So I have to give these wheels a go (no ride report as of now)

Previous wheels Rolf Vigor

Go for the wheels the gold looks better w/ blue than the yellow on mine


----------



## i4detail (Feb 23, 2006)

ETWN Stu said:


> What do you guys in snow country do for riding when...well, when it snows? In Sydney we dont get freezing winters so we get to ride all year round. Sorry just had to ask.


Like Tmluk said xc skiing, spin class,gym, swimming

And shoveling lots of snow
hoping for an early spring to get out and Ride


----------



## i4detail (Feb 23, 2006)

charliekeri said:


> yeah I agree with you on the gold and yellow clashing and not working together. Anything but the yellow tape would be an improvement and attach that seatbag only when necessary. You might as well have one of those license plate souveniers with your name on it that you can buy at a truck stop on I80


Ouch Charlie
"change of wheels"
Black bar wrap it is

The bag has a spare tube and some levers, co2

VIVE ! LX24


----------



## ETWN Stu (Feb 15, 2007)

i4detail said:


> Ouch Charlie
> "change of wheels"
> Black bar wrap it is
> 
> ...


Some times you really need to just stick those things in your jersey pocket! got a bag on my trainer though for those longer rides where you need to take three of everthing incase!!

For me when it’s wet I row on an indoor trainer or stair climbing in our building at work.


----------



## colnago 4 me (Feb 11, 2007)

]
Just wondering are the spokes bladed ?
What is that meant to do to crosswind stability .
Like etwn stu i am also an Aussie and not riding due to snow is not a factor we come across down under !! 
I am still tossing up the shamal vs the hyperon ,having ridden a mates clincher version of the hyperons the ride and light weight were great.
The cost ,ummmmh .


----------



## i4detail (Feb 23, 2006)

colnago 4 me said:


> ]
> Just wondering are the spokes bladed ?
> What is that meant to do to crosswind stability .
> Like etwn stu i am also an Aussie and not riding due to snow is not a factor we come across down under !!
> ...




C4 Me,
Spokes are bladed

Crosswind stability is in the same category as the Eurus, Ksyrium.

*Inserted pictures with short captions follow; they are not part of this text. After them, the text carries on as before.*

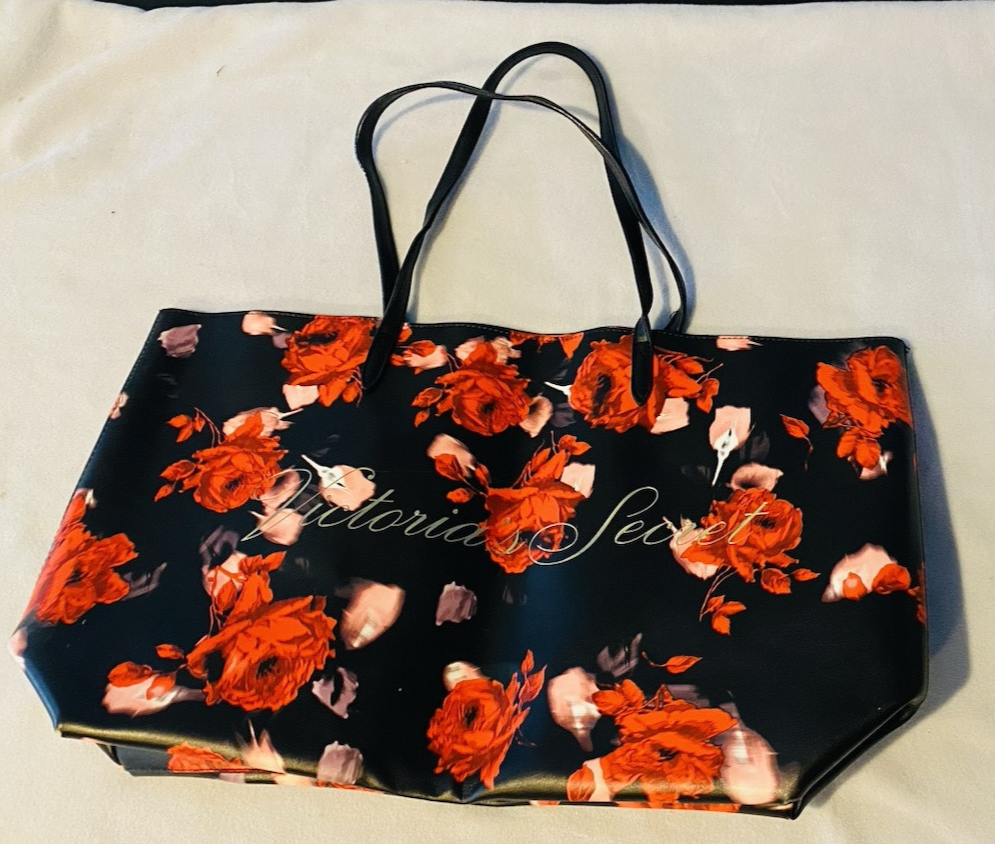 Victoria's Secret Black & Red Large Rose Tote Bag Double Handle Weekender $58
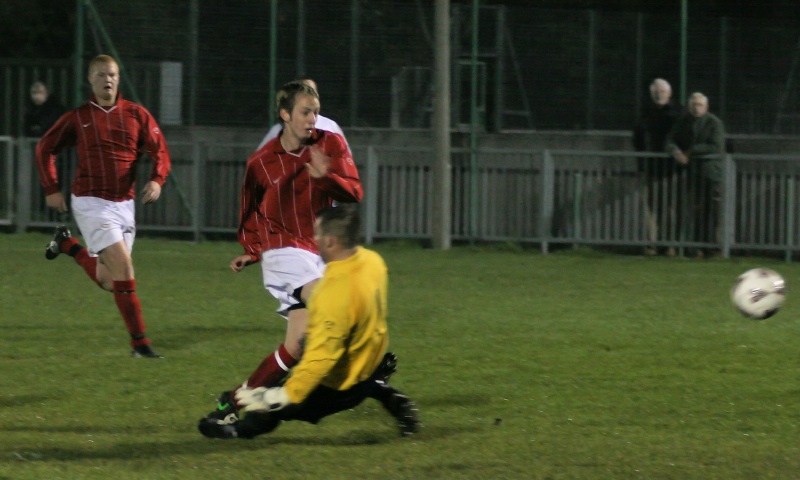 Mike Huckett puts Arundel 1-0 up
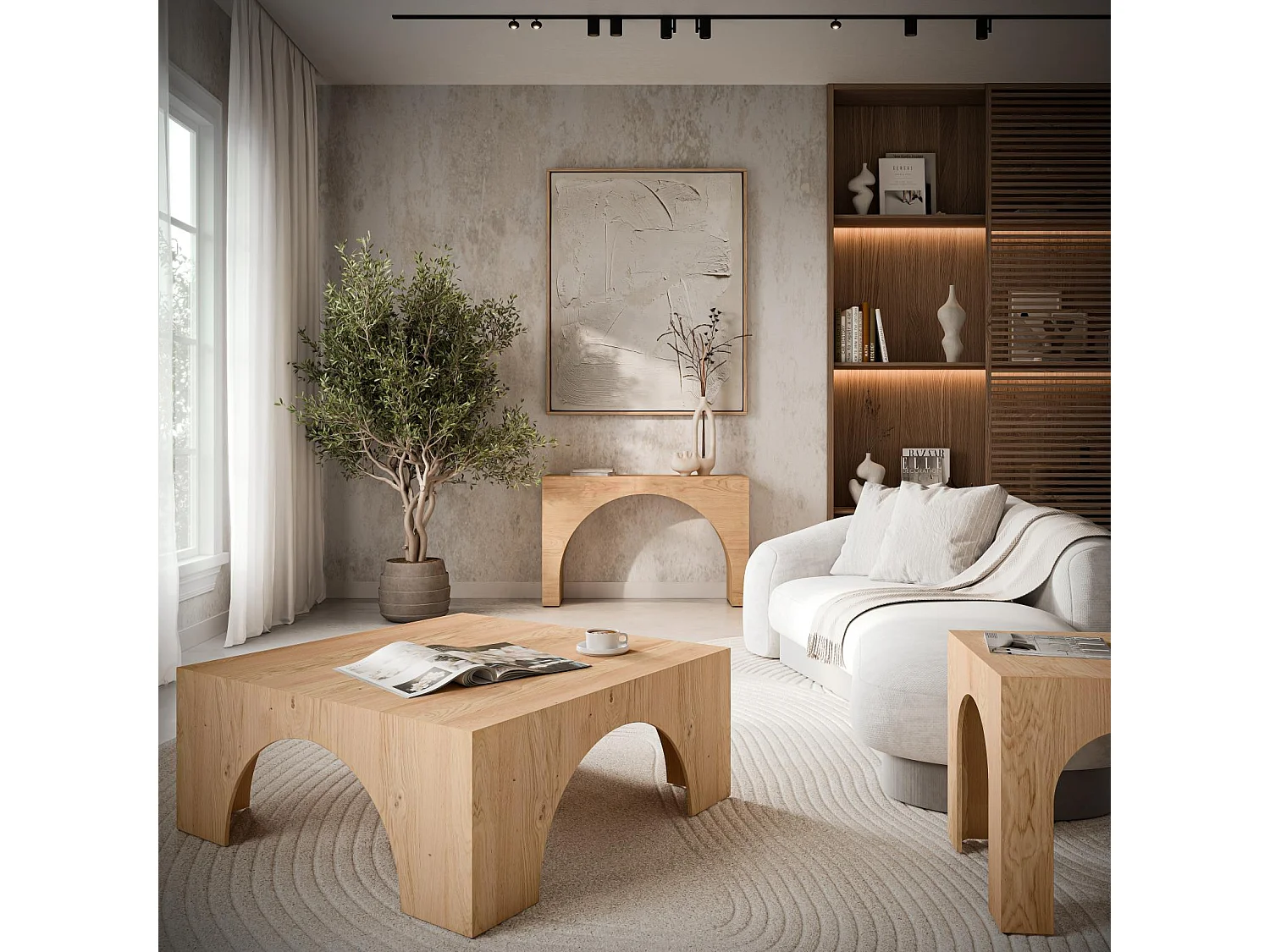 Console 122x76x35,5 cm bois clair naturel Avola av2430-4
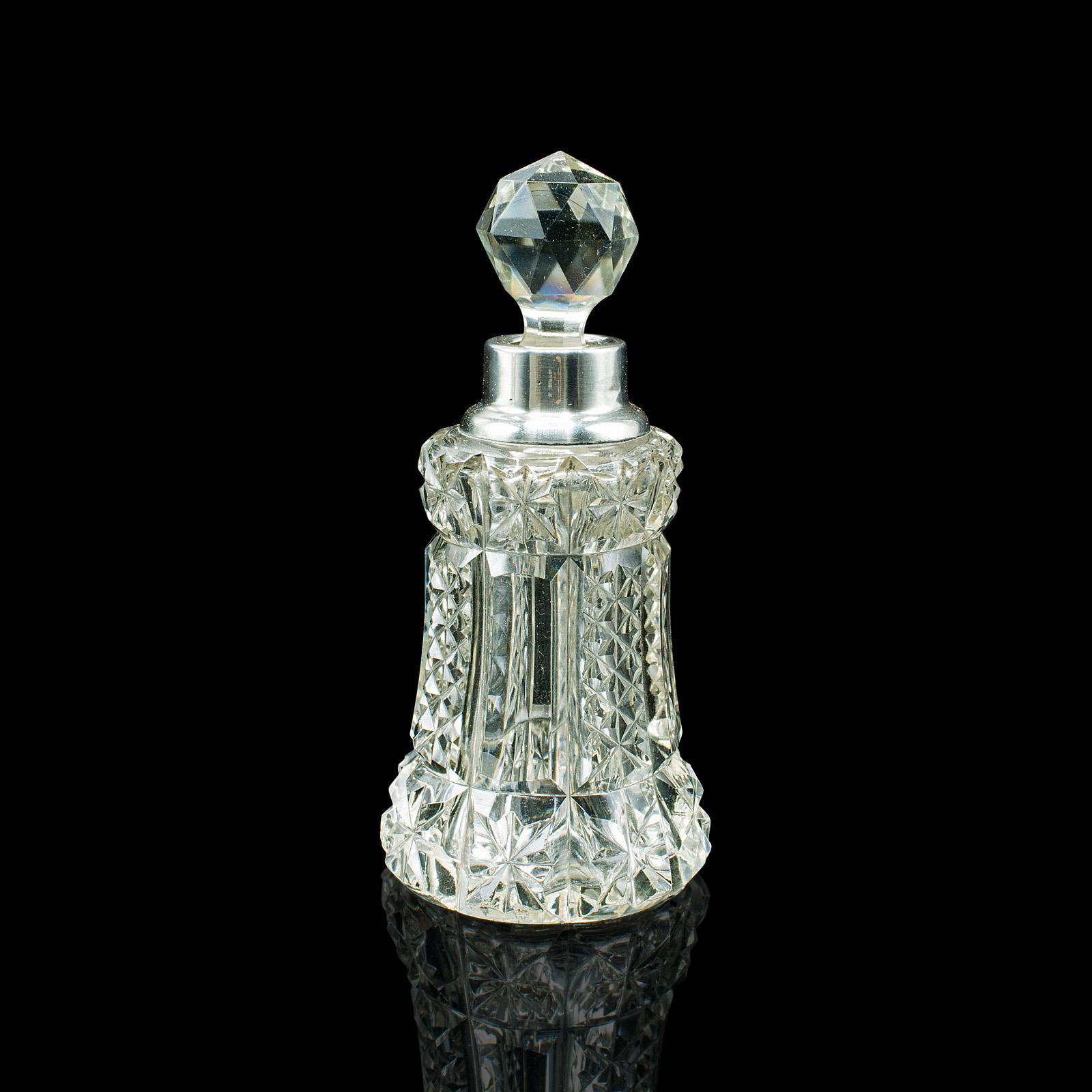 British Pair of Vintage Tipple Decanters, English Glass, Silver, Spirit Vessel, Hallmark For Sale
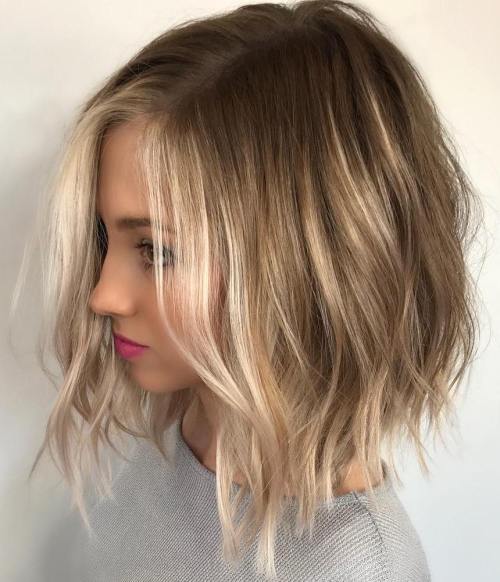 Choppy Blonde Balayage Bob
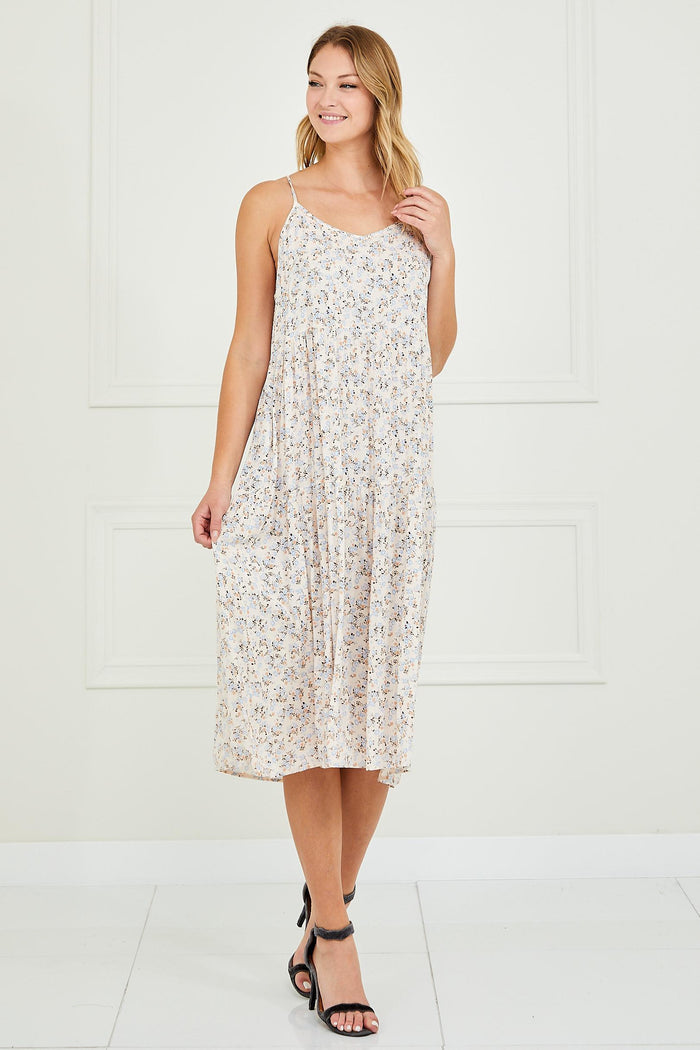 Lydia Floral Tier Dress (Cream/Blue)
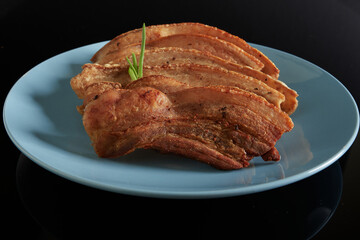 Fried Pork Belly On A Plate
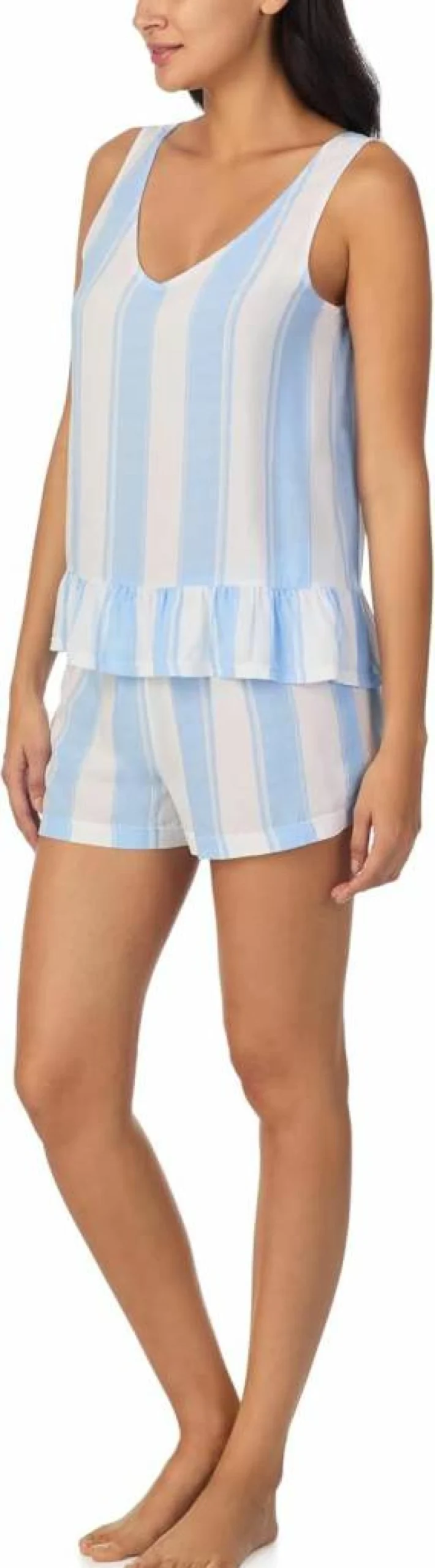 Nautica Women's Summer Pajama Set - Lightweight Rayon 2-Piece Sleepwear with Ruffle Tank Top and Shorts for Lounge & Comfort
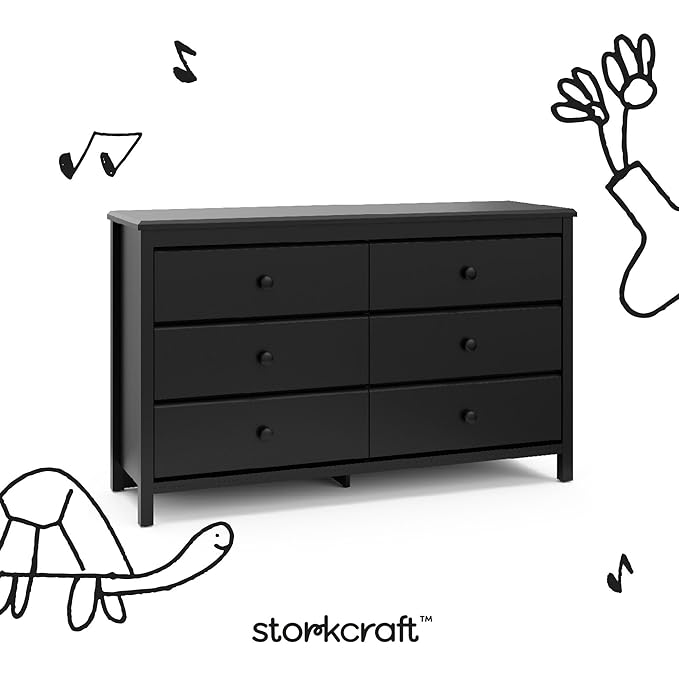 Storkcraft Alpine 6-Drawer Dresser (Black) – GREENGUARD Gold Certified, Black Dresser for Bedroom, Kids & Nursery Storage Drawers, Safety Interlocking Drawers, Pre-Installed Tracks, Kids Bedroom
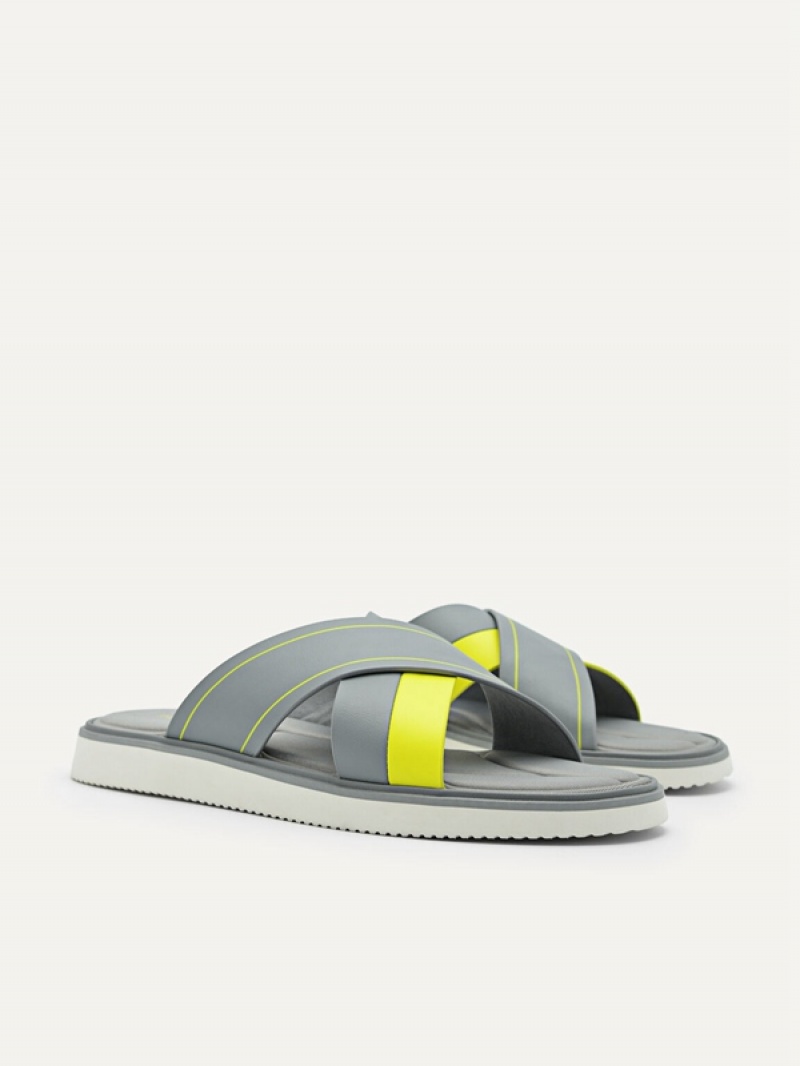 Grey Men's Pedro Flex Slides | WVUPOJ-324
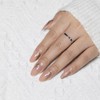 AUBSS Press On Nails Short,Gold Chrome Nude Base Almond Fake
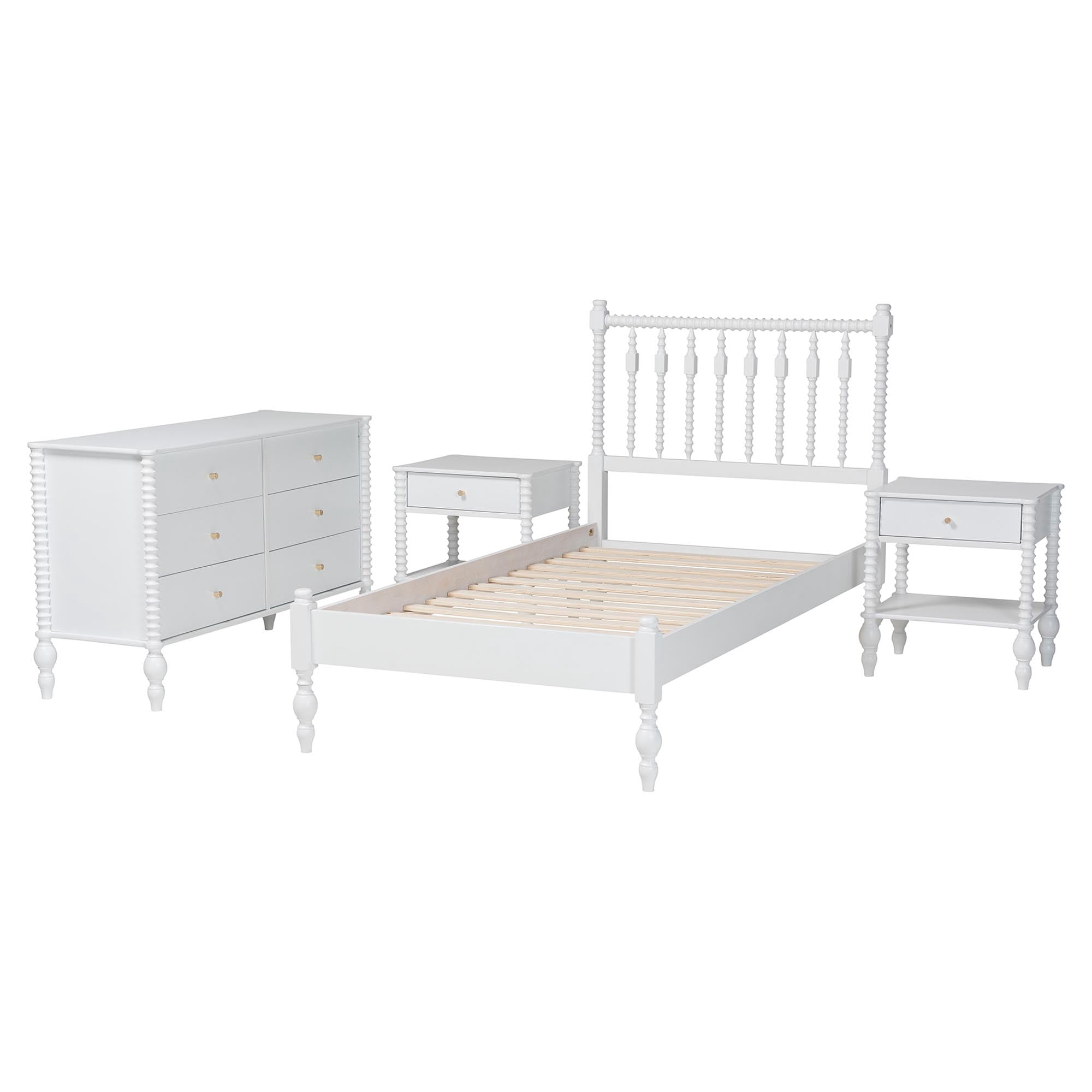 Baxton Studio Denita Farmhouse Bedroom Set, Twin, 4-Piece, White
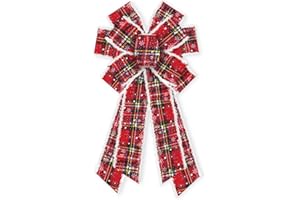 ABTOLS Large Christmas Bows for Wreath, Red Buffalo Plaid Wreath Bows Christmas Vintage Velvet Bows for Front Door, Xmas Snowflake Burlap Ornament Tree Topper Bows for Christmas Indoor Outdoor Decor
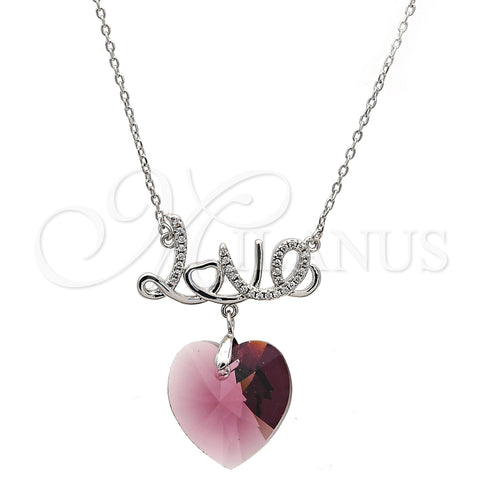 Rhodium Plated Pendant Necklace, Heart and Love Design, with Amethyst Swarovski Crystals and White Micro Pave, Polished, Rhodium Finish, 04.239.0029.2.16 (01 MM Thickness, 16 Inches Length)
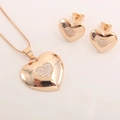 18k gold plated heart necklace and earrings set with shimmering white cubic zirconia - Heart Style / Rose Gold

Having said that I believe? they are the highest end metal clincher wheel you can buy.

Money is the only drawback/reason holding me back from owning 
Hyperion Clincher 

On another note I saw the new Mavic Ultimate http://www.velogogo.com/BlingBling/MavicCosmicCarboneUltimate 
which is almost exact to a Lightweight but w/ a big price break

Good luck I know how hard the descision can be


----------



## KATZRKOL (Mar 4, 2004)

*Beautiful Frame color!*



i4detail said:


> I was a little nervous about how the gold would look w/ The LX24 paint scheme the gold is not bright(Mr T ) more muted, so cut the color from bits and let the paint and wheels carry the color, tell me what you think


. .However, it appears you need a bigger frame. You have a crap load of spacers under your stem, and that's a ton of seatpost showing for a non-sloping frame.


----------



## FTR (Sep 20, 2006)

KATZRKOL said:


> . .However, it appears you need a bigger frame. You have a crap load of spacers under your stem, and that's a ton of seatpost showing for a non-sloping frame.


You obviously have a different interpretation of "a crap load" and "a ton of" than I do.
Looks fine to me.
Colnago seem to agree with me judging by the pics on their website too.

Very nice i4detail .
I hope mine comes out as nice as yours has.


----------



## i4detail (Feb 23, 2006)

*Thanks Guys*

From what I was told Ernesto Colnago designed his bike for race purposes.
That the head tube length should equal the seatpost length and then a 130mm stem.

That's something I heard who knows?




FTR good luck on the build


----------



## FTR (Sep 20, 2006)

i4detail said:


> From what I was told Ernesto Colnago designed his bike for race purposes.
> That the head tube length should equal the seatpost length and then a 130mm stem.
> 
> That's something I heard who knows?
> ...



What you posted is interesting.
If it is true then my concerns about too much seatpost extension on my Master Olympic may be unfounded.
I need about 175mm of exposed seatpost (plus saddle stack height) and the headtube is 173mm according to Colnago.


----------



## i4detail (Feb 23, 2006)

FTR said:


> What you posted is interesting.
> If it is true then my concerns about too much seatpost extension on my Master Olympic may be unfounded.
> I need about 175mm of exposed seatpost (plus saddle stack height) and the headtube is 173mm according to Colnago.



I wouldn't be concerned 

I do two triathlons a year and the rest of the time I ride Tues/Thurs 25 miles Sat 60>
Sun family ride pull the kids in the trailer(on my hardtail) 10 miles.

So I'm obviously not a racer just enjoying the ride 

Like I'm sure we all do and will 

Build it the way you want and if it's fun to ride then you ride it more.
Isn't that the reason for all of this.

I know I'm not the only one that looks at are Colnago's,
and the paint schemes, 
and the history, 
and the craftsmenship, 
and thinks about the last ride and how it made us feel. 

CAN'T WAIT to ride again


----------